Ben samimiyim evet, en az senin kadar Pelin. Ekranlara yakışıyorsun, zaten farklı projeleriniz de varmış, devam edin destekleyelim. Ama birazcık düzeltmen gereken hallerin de yok değil, Benimki naçiz eleştiri olacak, yoksa ne yaparsan kendine yani. Herhangi bir vibionu izlediğinde "lan şurada şöyle yapmasaydım" dediğin olmuş mudur? Bence olmuştur. İzleyenlerde kendini senin yerine koyuyor ara sıra, bizde senin yerine "keşke" diyoruz, "keşke yapmasaydı". Ama biz görmemezlikten geliyoruz, şimdilik detay olarak kabul ediyoruz. Çok göze batmıyor. Neyi mi diyorum? Samimi olayım, doğal konuşayım derken, istem dışı, refleks olarak yani, ani soğumalarımız oluyor.

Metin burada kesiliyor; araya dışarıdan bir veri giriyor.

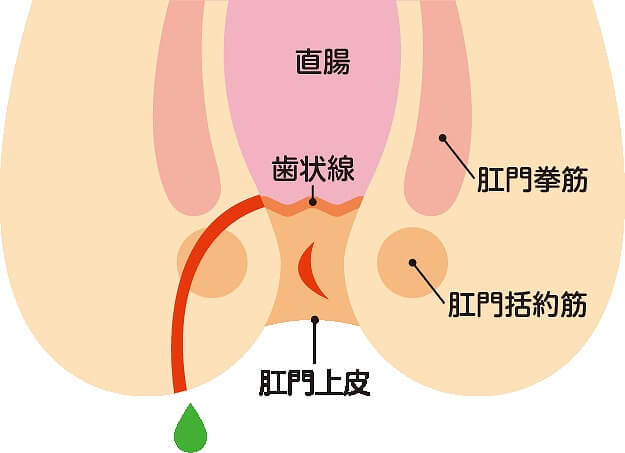 痔ろう(あな痔)とは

Büyük resmi sıcak bulduğumuz için hafif ılımış çay gibi, tek yudumda çekiyoruz seni.

Vibio introsu öncesi, asıl konuyu özet geçtiğin ortalaması 30-40 saniye olan girizgah var ya Pelin, oraları beğeniyorum. Tabi özellikle saç stilin ve giydiğin kıyafetlerde hoş. Ben şeyi düşünüyorum hep, "şimdi bu vibio giydiği kıyafeti başka bir vibio'da giyiyor mu?" belki giymiş olabilirsin, hatırlayamıyorum ama ne oluyor orada? Kim seçiyor kıyafetleri, neye göre, kime göre, neden o renklerde giyiniyorsun? Tek tip olsa kafan daha rahat olmaz mıydı? diye düşünmekten kendimi alamıyorum. Tercihler güzel, yakışıyor. Vibio sonlarına (hepsinde olmasa da) maksimum dört maddelik yanlı-tatlı-acılı-ekşili şeyler iliştiriyorsunuz. Bana kalırsa dörder maddeyi tamamlayınız. Hele bazılarında hiç ama hiç olmuyor, diyorum ki, "bu olmamış". Boş kalmış, eksik gelmiş. [Edit: Facebook kapak fotoğrafındaki kırmızı-beyaz damalı elbiseni çok beğenmiştim, baktım ki Fi dizisi vibiosunda da o kıyafet var. Yakaladım seni şekerim:)]
O kadar laf ettik, şuraya sevdiğim vibiolarından birkaçını yazayım. Seninle ilk tanışmamız Kemal Sunal aracılığı ile olmuştu, daha sonra Adile Naşit ile devam etti. Sadri Alışık, Şener Şen ve Selda Bağcan ile doruklara ulaştı. İzmir Marşı benim için efsaneye dönüşürken, Beşiktaş'ı anlattığınızda aşkımız tekrar alev aldı. Nikola Tesla ile garip bir ruh haline büründük, Barış Akarsu ile bulutların üzerinde yürüdük. Kazım Koyuncu benim büyük yaramdı, kanattınız. GTA ile güldürdünüz, FIFA ile hüzünlere sürüklediniz. Nevşin Mengü olmuş, bide İrfan Değirmenci'yi deneyin. Barış Mnaço ile çocukluğumuza selam yolladınız, Kaan Tangöze ile gençliğimiz tazelendi, Neşet Ertaş ile rakımız parladı. Müslüm Gürses için eyvallah. Kamera arkası vibioları da unutmamak lazım ki pek samimi.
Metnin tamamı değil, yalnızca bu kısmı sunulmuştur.